[[ GIVEN DATA, beginning ]]

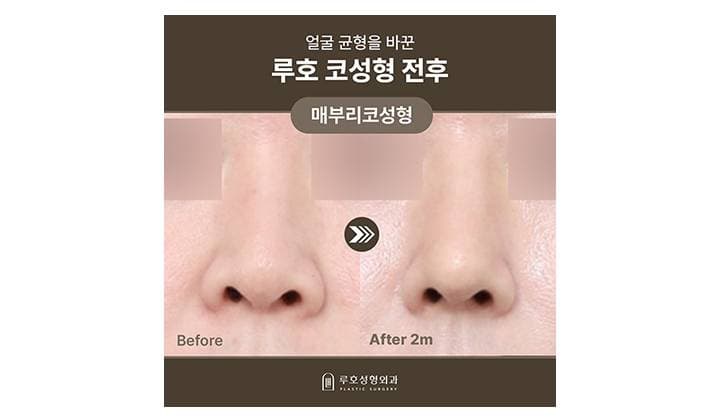 신사역 코성형으로 조화로운 얼굴을 만든 사례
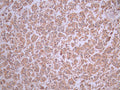 IHC image of CSB-RA118372A0HU diluted at 1:100 and staining in paraffin-embedded human breast cancer performed on a Leica BondTM system. After dewaxing and hydration, antigen retrieval was mediated by high pressure in a citrate buffer (pH 6.0). Section was blocked with 10% normal goat serum 30min at RT. Then primary antibody (1% BSA) was incubated at 4°C overnight. The primary is detected by a Goat anti-rabbit polymer IgG labeled by HRP and visualized using 0.05% DAB.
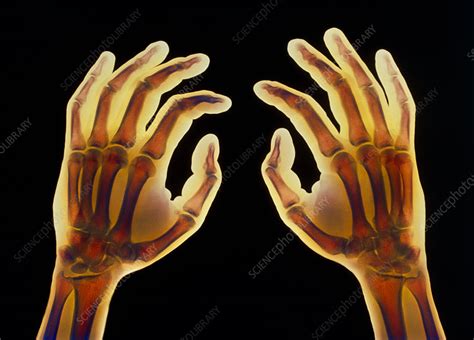 Coloured X Ray Of Healthy Human Hands Stock Image P1160415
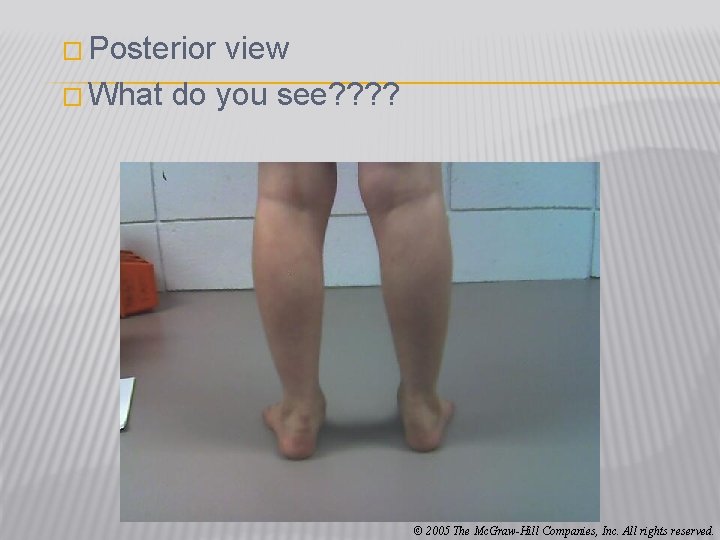 � Posterior view � What do you see? ? © 2005 The Mc. Graw-Hill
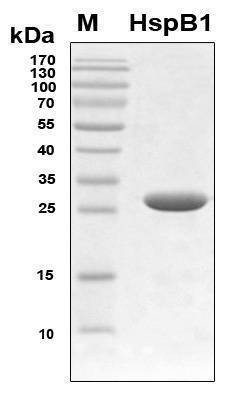 Recombinant Human HspB1 Protein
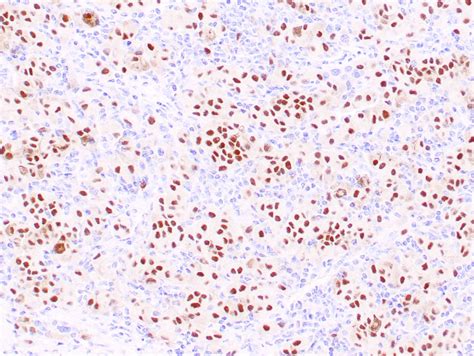 prame antibody recombinant antibody zeta corporation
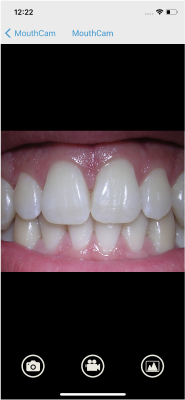 mouthcam instructions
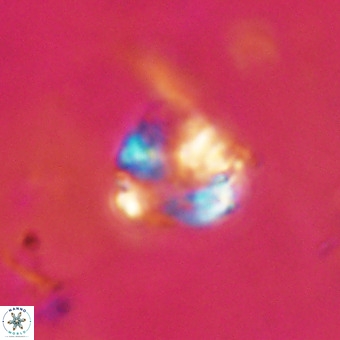 Cribrocorona echinus VR 22933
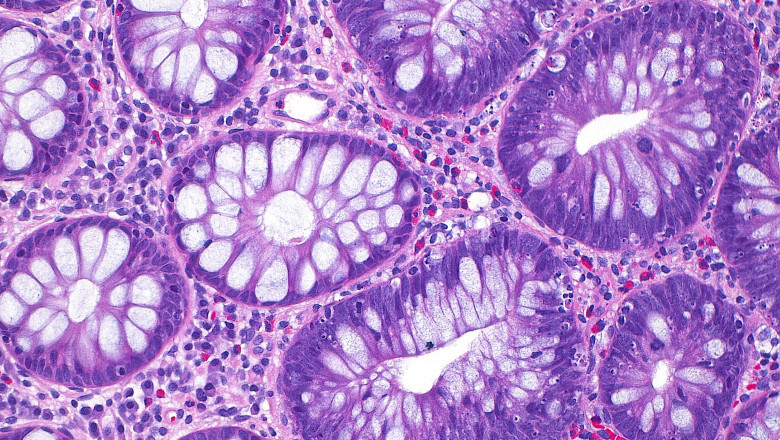 cum a ajuns cancerul de colon sa afecteze tot mai multi tineri si care este cauza principala indicata de studii 68e61cee6d9c8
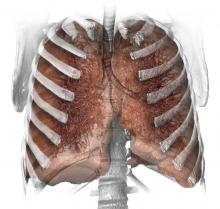 smoking, lung cancer, CT screening, guidelines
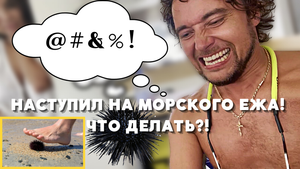 Морских ежей везде много и травмы неизбежны - Учу спасаться от игл морского ежа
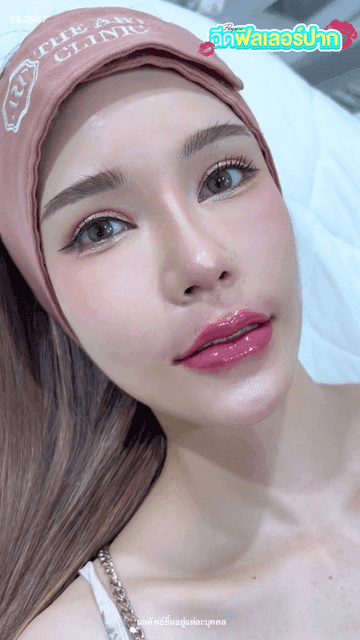 รีวิวฉีดฟิลเลอร์ปาก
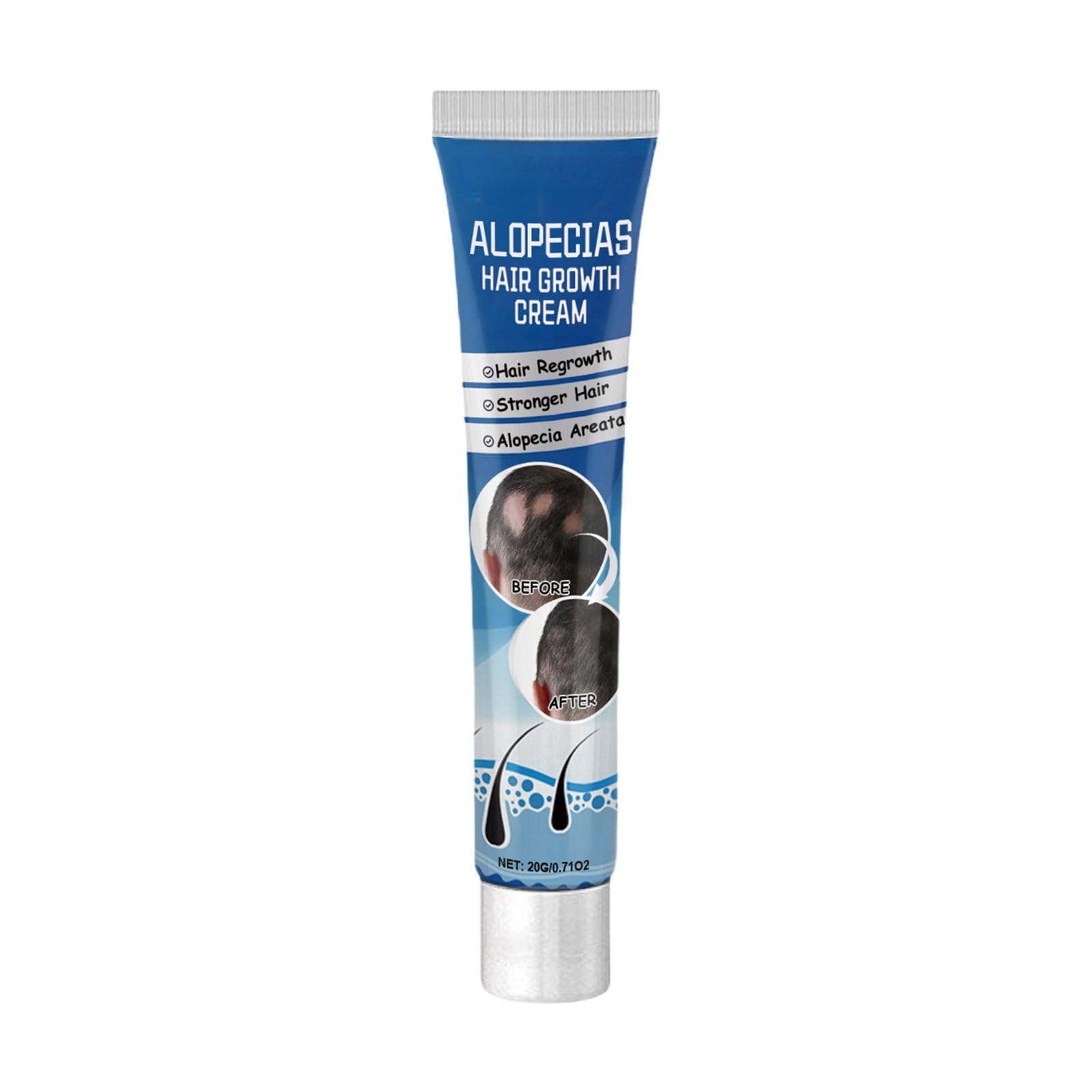 Alopecia Hair Growth Cream, Hair Growth Grease, Scalp Nourishing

[[ GIVEN DATA, end ]]

■ WHAT IS BEING ASKED:
Omit all images when repeating the data above exactly.

■ RESULT OF THE TASK:
 신사역 코성형으로 조화로운 얼굴을 만든 사례
 IHC image of CSB-RA118372A0HU diluted at 1:100 and staining in paraffin-embedded human breast cancer performed on a Leica BondTM system. After dewaxing and hydration, antigen retrieval was mediated by high pressure in a citrate buffer (pH 6.0). Section was blocked with 10% normal goat serum 30min at RT. Then primary antibody (1% BSA) was incubated at 4°C overnight. The primary is detected by a Goat anti-rabbit polymer IgG labeled by HRP and visualized using 0.05% DAB.
 Coloured X Ray Of Healthy Human Hands Stock Image P1160415
 � Posterior view � What do you see? ? © 2005 The Mc. Graw-Hill
 Recombinant Human HspB1 Protein
 prame antibody recombinant antibody zeta corporation
 mouthcam instructions
 Cribrocorona echinus VR 22933
 cum a ajuns cancerul de colon sa afecteze tot mai multi tineri si care este cauza principala indicata de studii 68e61cee6d9c8
 smoking, lung cancer, CT screening, guidelines
 Морских ежей везде много и травмы неизбежны - Учу спасаться от игл морского ежа
 รีวิวฉีดฟิลเลอร์ปาก
 Alopecia Hair Growth Cream, Hair Growth Grease, Scalp Nourishing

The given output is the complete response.